Bomin jadi sempet mikir, ‘si Jihoon kalo putus cinta ternyata kaya orang abis ketimpa beban paling berat.’

“Iya tahu, gue gak kaget.” Bomin menyahut sambil menarik sleting tas ranselnya, dia sudah selesai rapih-rapih tinggal pulang tapi begitu melihat ke depan, wajah kusut plus tatap sendu dari dua bola mata Jihoon bikin hatinya sedikit bergetar, bukan apa-apa, kayanya dia gak bisa langsung cabut karena harus dengerin keluh kesah si supervisor produksi. “Kapan hari kan lo cerita sama gue, bingung ngajak si Junkyu putus pake cara yang gimana—”

“Gue putus.” potong Jihoon.

“Iya gue denger—”

“Gue sama Junkyu putus.” potong Jihoon lagi.

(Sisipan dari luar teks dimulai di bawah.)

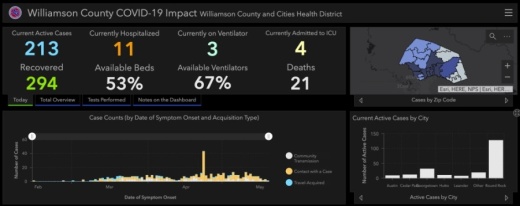 Williamson County reported its 21st coronavirus-related death May 22. (Screenshot courtesy Williamson County)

Bomin narik senyum saat sudut bibirnya berkedut kesal, kepalan tangannya disembunyikan di bawah meja. “Iya gue tahu. Lo sama Junkyu putus, gue tahu. Gue denger.” kata Bomin mencoba kalem, demi Tuhan sebenernya Bomin tuh gak berani macem-macem sama Jihoon. Biarpun mereka sepantaran tapi posisi Jihoon satu tingkat lebih tinggi dari Bomin yang cuma officer, Bomin gak mau bernasib sama seperti Jaehyuk yang dikirim ke Batam karena gak sengaja angkat topik cheating sewaktu mereka ngobrol-ngobrol santai.

“Terus kenapa lo sedih? Kan lo yang minta putus—”

“Gue diputusin Junkyu.” omongan Jihoon bikin Bomin membeo ‘hah?’

Jihoon yang semula melihat langit-langit ruangan sedikit demi sedikit menurunkan pandangan, balas tatapan kaget Bomin pakai wajah paling sedih plus bibir bawah yang sengaja digigit keras. “Gue diputusin, Min.” gigitan gigi rapi bagian depan itu makin keras ketika sesuatu yang mengganjal di tenggorokkan makin sulit Jihoon tangani.

Sebenarnya Jihoon udah gak kuat dan gak sanggup. Kalau gak ingat citra diri atau prinsip hidupnya tentang ‘laki-laki pantang nangis, apalagi cuma karena putus cinta!’ kayanya Jihoon bakal nangis meraung-raung detik ini juga. Jihoon gak mau jilat ludah sendiri.